Maybe you know about the damage they do on farms. Ask any farmer and he will be glad to tell you how many lambs or calves or chickens he has lost to coyotes this year. Maybe you have even heard about cats going missing in the suburbs or even some of the smaller dogs. Thats right. Coyotes have come to town and not only in L.A. or Vancouver where you will know if you watch the news they are running bold as anything down the open roads and biting the legs of joggers and stalking into peoples backyards to snatch not just the pets but the children too. And don’t forget those western coyotes are smaller than the ones we have here. In the old days the eastern coyote used to be called a brush wolf so that should give you an idea of how big they get.

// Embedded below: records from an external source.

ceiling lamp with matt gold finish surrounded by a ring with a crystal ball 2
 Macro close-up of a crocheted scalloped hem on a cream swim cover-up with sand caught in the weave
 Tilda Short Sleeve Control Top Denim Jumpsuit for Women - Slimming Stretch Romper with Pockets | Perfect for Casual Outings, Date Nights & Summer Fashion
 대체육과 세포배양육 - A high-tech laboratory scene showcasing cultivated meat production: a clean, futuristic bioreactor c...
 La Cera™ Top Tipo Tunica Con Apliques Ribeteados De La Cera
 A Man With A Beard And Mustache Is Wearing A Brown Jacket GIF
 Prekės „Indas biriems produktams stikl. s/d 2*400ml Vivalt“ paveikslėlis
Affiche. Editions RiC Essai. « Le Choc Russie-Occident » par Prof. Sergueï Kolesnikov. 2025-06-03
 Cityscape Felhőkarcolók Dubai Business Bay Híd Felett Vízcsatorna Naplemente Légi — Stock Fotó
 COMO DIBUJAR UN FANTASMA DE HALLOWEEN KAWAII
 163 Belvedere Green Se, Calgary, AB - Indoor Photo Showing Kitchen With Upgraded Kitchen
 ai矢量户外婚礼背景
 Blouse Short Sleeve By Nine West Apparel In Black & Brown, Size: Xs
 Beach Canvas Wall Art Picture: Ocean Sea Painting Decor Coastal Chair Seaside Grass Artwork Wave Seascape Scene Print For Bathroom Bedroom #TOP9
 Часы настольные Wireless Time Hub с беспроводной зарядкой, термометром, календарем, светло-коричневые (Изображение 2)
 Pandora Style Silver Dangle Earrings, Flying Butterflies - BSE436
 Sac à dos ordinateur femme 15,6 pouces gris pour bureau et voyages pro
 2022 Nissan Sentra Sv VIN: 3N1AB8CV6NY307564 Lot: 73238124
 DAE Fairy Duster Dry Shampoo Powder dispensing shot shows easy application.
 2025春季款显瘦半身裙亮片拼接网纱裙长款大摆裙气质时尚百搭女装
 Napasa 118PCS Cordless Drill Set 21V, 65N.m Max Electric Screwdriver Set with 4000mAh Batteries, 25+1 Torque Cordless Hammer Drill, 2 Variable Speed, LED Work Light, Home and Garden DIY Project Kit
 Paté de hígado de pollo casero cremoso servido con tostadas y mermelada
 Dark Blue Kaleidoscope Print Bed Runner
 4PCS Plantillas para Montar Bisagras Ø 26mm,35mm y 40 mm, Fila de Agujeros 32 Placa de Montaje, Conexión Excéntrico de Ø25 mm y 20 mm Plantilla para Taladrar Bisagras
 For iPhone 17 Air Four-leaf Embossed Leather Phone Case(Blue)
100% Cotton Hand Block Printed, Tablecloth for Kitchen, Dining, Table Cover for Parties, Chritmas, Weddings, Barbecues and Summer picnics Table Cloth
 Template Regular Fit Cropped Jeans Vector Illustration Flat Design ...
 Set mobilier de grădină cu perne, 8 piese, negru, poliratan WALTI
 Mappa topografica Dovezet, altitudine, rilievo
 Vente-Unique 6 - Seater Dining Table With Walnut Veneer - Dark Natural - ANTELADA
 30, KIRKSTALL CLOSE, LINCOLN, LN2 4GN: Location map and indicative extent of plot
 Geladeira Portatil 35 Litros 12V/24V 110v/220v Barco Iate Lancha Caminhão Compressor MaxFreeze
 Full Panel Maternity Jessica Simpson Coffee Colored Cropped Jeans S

And we’re not just talking about the suburbs anymore. Ever been to the Don Valley? I mean the lower Don. I mean practically downtown. Ever felt like you were being watched while you walked along the path down there? Well believe me you were. Maybe your thinking but isn’t the whole idea of cities that we don’t live out in the wilderness with the animals anymore? Sure. Only cities aren’t airtight. You can’t screw down the lid on Toronto the way you do on a mason jar. They get in. And its our job to get them out.
Maybe you know about what happened with wolves down in the States. They wiped them out. Why not the coyotes? Don’t think they didn’t try. So how come in
L.A. of all places coyotes are multiplying like rats? Because thats the thing about vermin. They are damn hard to get rid of. But damn hard doesn’t mean you don’t even try. Some things are worth fighting for and I don’t know about you but when the city I have chosen to call home is getting overrun by what might as well be rats as big as dogs I figure its time to do something. And one more thing. I’m going by Coyote Cop for now but you can bet one day my real name will be known. In the meantime if any of you are wondering it starts with D.